I am doing a man in the box illusion costume that has been done before many times . I am trying to find a new twist to the costume that will make it a little different. I bought a few things on ebay a Styrofoam head , some facial hair . I am going to liquid latex the head to make the head look like a real man 's head and put facial hair on him . 
I thinking about man the the cage being carried . but I am not sure if that would work . Would anyone have ideals to a new twist with the man in the box costume that would be a winner ? any suggestions are greatly appreciated 

Here are some photos of people who did this costume , if anyone was not sure what the man in the box illusion is.
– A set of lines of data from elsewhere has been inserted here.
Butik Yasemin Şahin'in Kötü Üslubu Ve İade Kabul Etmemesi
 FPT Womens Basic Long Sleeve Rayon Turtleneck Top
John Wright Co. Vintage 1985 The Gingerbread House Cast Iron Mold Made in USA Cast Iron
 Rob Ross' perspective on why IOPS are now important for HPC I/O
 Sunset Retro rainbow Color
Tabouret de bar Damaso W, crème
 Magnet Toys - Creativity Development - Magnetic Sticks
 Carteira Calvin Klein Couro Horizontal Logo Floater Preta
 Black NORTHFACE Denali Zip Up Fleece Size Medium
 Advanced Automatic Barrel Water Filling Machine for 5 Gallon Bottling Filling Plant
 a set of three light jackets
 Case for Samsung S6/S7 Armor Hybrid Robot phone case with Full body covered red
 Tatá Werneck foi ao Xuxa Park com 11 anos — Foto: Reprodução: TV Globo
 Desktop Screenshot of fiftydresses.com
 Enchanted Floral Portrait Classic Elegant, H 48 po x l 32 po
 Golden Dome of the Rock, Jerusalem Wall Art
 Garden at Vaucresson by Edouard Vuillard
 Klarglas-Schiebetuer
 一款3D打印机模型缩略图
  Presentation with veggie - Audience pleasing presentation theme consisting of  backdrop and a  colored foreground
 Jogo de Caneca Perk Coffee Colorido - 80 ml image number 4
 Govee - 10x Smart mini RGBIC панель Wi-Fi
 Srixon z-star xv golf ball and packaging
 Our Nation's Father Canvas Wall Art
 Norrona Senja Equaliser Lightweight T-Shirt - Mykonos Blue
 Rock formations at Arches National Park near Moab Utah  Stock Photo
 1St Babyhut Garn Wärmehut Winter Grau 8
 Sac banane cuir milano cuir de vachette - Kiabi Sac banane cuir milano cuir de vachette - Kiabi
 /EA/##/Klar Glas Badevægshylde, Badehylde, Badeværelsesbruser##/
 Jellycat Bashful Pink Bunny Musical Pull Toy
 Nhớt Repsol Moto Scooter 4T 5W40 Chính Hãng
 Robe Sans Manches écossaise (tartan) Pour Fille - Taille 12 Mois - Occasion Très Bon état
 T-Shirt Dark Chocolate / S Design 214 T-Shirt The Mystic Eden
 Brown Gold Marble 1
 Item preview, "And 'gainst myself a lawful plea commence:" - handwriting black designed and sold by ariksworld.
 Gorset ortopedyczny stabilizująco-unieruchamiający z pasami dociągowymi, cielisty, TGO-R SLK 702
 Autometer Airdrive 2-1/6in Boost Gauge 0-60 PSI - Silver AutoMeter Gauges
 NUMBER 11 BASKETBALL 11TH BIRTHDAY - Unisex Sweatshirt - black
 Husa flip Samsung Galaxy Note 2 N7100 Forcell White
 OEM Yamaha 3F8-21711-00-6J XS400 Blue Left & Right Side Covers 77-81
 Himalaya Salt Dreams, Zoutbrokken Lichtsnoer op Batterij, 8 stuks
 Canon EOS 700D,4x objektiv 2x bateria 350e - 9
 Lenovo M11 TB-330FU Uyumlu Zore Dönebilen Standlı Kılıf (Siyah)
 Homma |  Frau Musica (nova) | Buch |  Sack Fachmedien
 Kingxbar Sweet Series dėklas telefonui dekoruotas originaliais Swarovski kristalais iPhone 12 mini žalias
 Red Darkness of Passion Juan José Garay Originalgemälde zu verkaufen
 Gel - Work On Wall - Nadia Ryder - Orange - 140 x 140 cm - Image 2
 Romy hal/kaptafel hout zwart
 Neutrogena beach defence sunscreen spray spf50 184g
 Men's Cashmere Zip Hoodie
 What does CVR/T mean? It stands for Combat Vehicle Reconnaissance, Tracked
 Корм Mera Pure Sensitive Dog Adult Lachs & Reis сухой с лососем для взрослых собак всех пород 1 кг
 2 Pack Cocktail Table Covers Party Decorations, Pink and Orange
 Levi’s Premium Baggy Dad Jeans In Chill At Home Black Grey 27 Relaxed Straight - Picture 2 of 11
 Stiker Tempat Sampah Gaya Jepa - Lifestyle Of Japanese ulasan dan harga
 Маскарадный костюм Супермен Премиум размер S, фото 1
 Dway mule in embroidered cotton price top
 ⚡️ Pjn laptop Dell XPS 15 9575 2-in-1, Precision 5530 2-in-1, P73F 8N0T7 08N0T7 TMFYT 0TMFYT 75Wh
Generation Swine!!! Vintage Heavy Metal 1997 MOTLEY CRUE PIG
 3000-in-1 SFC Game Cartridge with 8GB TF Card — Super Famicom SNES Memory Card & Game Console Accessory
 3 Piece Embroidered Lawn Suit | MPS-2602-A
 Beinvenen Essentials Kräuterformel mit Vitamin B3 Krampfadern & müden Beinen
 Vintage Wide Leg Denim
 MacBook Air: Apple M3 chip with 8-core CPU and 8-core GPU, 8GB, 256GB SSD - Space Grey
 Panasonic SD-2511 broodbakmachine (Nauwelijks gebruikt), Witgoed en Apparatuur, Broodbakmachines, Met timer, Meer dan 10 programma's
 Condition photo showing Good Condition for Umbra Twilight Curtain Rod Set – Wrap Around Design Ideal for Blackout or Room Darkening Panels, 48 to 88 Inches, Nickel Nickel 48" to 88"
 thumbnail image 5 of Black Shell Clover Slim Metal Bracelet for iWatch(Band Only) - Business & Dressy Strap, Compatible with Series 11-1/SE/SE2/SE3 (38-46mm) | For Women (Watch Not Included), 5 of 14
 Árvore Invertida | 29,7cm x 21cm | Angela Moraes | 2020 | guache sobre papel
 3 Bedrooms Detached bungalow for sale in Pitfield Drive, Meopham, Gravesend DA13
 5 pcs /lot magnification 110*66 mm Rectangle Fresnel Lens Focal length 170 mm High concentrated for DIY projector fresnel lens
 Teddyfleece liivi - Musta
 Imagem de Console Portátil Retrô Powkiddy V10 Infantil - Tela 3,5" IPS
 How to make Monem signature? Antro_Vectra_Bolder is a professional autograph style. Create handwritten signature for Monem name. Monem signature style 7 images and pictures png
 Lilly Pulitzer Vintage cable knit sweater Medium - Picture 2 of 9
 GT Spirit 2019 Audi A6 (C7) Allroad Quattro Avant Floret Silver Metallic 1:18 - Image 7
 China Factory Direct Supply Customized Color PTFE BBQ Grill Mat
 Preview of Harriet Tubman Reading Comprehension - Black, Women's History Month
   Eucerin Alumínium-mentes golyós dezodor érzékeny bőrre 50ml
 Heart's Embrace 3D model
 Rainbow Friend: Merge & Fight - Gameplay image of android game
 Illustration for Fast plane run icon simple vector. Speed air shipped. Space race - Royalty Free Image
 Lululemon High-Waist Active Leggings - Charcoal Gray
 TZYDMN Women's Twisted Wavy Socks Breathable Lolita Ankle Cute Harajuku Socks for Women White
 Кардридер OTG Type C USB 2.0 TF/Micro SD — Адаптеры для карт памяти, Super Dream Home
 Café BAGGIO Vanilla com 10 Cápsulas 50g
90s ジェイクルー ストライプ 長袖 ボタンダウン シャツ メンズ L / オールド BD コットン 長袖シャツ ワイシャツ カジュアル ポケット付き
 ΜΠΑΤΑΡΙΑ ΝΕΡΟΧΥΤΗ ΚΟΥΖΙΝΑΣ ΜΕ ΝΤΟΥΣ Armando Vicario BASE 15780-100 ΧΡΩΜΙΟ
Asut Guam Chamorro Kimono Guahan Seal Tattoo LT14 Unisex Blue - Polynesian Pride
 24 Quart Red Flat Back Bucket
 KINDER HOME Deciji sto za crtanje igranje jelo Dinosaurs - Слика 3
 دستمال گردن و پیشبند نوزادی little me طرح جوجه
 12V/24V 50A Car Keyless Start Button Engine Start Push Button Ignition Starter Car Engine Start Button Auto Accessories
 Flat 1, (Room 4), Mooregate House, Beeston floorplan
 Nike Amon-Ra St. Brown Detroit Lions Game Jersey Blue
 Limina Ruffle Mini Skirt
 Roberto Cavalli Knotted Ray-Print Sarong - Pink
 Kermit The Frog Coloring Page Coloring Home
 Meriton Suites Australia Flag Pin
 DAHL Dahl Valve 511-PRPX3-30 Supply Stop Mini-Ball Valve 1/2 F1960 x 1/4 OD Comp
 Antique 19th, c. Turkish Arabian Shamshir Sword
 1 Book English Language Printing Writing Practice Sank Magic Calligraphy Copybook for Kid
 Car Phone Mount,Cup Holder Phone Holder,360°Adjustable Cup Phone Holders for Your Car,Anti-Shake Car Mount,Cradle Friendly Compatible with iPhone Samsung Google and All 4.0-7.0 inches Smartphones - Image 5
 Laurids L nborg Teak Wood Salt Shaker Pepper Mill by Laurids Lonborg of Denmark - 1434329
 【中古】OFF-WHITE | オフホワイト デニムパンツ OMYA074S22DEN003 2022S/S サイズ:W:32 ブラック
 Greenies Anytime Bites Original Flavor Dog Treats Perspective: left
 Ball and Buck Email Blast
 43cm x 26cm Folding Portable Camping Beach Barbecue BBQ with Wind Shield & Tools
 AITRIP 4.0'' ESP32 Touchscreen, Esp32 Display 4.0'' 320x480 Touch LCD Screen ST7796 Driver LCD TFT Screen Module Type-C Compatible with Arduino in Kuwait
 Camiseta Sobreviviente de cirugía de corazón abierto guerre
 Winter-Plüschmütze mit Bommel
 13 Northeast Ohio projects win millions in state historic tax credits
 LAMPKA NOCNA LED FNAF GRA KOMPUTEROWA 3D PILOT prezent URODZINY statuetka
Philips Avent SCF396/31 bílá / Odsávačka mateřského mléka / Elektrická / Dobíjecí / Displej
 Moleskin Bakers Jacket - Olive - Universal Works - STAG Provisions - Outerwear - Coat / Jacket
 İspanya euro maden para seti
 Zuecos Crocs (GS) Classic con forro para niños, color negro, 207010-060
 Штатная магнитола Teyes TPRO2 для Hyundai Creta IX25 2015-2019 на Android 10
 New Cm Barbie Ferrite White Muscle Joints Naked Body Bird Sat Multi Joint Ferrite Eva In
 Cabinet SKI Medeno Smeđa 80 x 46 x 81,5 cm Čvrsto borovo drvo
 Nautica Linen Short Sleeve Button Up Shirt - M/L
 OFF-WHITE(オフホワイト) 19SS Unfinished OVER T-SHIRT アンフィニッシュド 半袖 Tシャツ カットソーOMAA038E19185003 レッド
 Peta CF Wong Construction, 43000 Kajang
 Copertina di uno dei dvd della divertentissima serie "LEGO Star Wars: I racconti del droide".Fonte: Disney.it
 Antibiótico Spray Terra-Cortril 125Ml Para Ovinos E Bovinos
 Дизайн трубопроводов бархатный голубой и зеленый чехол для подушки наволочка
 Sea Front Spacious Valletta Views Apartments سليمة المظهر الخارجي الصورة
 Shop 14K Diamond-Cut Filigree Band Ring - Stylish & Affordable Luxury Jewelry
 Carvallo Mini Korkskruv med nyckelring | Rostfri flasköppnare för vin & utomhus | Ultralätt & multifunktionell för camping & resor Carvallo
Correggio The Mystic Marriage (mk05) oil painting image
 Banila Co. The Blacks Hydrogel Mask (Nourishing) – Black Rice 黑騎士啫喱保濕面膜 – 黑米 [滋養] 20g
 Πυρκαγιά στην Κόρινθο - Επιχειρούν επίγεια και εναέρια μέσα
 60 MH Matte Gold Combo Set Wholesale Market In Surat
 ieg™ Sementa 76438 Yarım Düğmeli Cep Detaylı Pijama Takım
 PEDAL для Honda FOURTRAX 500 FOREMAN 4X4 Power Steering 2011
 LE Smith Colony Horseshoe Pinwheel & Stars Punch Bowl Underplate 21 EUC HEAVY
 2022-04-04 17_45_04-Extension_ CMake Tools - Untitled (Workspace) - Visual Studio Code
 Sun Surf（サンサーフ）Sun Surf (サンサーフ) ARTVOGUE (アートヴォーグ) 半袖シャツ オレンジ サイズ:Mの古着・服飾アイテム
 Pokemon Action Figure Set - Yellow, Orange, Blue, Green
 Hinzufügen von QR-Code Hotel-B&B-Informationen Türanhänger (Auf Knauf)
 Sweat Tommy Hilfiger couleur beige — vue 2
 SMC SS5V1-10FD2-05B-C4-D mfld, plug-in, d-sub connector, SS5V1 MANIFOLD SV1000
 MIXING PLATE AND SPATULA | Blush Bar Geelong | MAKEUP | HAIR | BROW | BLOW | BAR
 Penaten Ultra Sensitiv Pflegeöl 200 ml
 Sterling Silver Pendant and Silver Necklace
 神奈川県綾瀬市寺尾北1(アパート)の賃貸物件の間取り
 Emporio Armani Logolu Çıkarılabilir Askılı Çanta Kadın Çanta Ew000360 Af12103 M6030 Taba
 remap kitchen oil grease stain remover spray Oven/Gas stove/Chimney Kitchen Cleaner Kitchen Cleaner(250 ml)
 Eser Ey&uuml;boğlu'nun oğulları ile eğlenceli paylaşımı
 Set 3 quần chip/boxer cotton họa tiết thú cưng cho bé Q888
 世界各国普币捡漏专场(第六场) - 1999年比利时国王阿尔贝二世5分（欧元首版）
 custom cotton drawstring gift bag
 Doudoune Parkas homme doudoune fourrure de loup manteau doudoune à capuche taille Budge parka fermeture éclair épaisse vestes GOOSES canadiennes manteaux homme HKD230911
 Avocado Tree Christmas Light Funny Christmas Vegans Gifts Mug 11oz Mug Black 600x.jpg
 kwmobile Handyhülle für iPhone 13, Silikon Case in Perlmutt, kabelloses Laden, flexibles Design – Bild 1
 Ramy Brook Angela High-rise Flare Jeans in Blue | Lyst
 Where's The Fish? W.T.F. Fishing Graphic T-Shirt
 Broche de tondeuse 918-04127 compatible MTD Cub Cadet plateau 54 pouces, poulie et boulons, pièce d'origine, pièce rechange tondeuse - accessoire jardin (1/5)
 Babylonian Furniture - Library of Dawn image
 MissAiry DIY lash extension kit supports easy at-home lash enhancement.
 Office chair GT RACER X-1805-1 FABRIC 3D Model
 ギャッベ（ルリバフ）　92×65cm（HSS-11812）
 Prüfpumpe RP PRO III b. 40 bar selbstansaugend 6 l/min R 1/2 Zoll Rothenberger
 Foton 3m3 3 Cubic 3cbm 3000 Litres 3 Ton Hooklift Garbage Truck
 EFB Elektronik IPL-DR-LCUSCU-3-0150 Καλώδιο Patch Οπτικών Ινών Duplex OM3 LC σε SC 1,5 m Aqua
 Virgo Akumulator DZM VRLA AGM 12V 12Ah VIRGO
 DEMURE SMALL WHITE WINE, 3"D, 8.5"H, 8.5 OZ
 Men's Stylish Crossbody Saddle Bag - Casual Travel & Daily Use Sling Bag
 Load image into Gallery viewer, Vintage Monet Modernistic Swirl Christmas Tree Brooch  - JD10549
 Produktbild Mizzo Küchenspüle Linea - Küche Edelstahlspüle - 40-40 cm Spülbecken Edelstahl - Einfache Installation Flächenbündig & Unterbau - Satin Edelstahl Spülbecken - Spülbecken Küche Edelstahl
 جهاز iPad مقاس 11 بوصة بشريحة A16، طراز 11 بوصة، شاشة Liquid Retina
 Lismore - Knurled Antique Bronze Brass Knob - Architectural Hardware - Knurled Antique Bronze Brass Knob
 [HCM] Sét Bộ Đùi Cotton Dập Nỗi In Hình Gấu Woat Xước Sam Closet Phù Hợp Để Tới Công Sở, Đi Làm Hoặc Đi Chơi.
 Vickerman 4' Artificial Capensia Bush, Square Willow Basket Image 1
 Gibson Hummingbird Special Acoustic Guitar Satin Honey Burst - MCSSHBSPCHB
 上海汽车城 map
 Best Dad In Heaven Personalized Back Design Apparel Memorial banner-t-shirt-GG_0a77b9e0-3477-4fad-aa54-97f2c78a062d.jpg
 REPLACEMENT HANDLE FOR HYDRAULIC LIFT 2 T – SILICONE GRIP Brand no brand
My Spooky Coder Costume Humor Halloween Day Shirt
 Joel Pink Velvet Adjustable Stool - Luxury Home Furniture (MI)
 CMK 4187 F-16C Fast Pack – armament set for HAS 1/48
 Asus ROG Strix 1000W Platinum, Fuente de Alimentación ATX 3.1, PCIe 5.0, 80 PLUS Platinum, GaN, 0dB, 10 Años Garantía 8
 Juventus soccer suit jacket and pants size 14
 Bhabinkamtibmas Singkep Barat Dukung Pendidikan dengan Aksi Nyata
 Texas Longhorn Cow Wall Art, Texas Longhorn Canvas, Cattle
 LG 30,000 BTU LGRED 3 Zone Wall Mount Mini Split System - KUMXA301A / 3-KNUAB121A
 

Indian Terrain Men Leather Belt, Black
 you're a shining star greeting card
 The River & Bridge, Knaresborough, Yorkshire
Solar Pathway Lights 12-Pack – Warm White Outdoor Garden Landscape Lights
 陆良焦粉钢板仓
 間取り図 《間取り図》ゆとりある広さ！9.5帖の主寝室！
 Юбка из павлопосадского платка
These are photos I got off of the internet and have no connection to these people.


----------



## Combatdre (Aug 10, 2013)

How about getting a creepy jack o lantern mask for the prop and in the box you can put pumpkin creepy carving tools and make it seem like he is going to carve the person in the box... Lol... Just a thought...


----------



## Darkslide632 (Sep 10, 2010)

I wanted to make one like this...









Ideally I was hoping to make one fake arm for me, and then set the monitor up so that I could trigger certain phrases and facial expressions using a hidden keyboard.


----------



## thehoghunter (Jul 24, 2007)

off the top of my head...have the guy carry you in half a beer/wine barrel - he can be the 'designated driver/carrier'


----------



## SnnBbbl (Aug 30, 2013)

Another idea =)


----------



## SnnBbbl (Aug 30, 2013)

Darkslide632 said:


> I wanted to make one like this...
> 
> View attachment 169455
> 
> ...


This costume is seriously cool, but the flipflops make it feel somewhat incomplete lol


----------



## g2otogo (Sep 9, 2013)

thanks everyone for responding to my post . I not sure if i am going to do the illusion man in the box costume . I been researching and it seems like it all been done before . I have a styrofoam head coming to me from ebay and trying to figure out what costume idea with a styrofoam head, Not sure what to do


----------



## ArtemisBrewski (Sep 9, 2013)

I'm following this thread now and I have always wanted to do this too. I'd love to see more ideas. I'll post anything new that I come across.


----------



## ArtemisBrewski (Sep 9, 2013)

Here's some cool ideas: http://www.coolest-homemade-costumes.com/optical-illusion-costume-ideas.html


----------



## g2otogo (Sep 9, 2013)

Thanks for the link . I was lost on what to do , but I am not going to over think it and do a gorilla holding me in the cage with a sign on front saying 
" don't feed the human' . 
So basically the bottom will be me with the gorilla bottom and the top will be the dummy and the inside will be me with fake legs. 
Going to start it tomorrow. Excited for Halloween.


----------



## g2otogo (Sep 9, 2013)

this is the head that i painted . I used liquid latex on the Styrofoam head and then painted the skin ect. This as far as I went so far on my costume. The other parts I have to work on . Might put a beard on him maybe. trying to figure out what all I have to do .


----------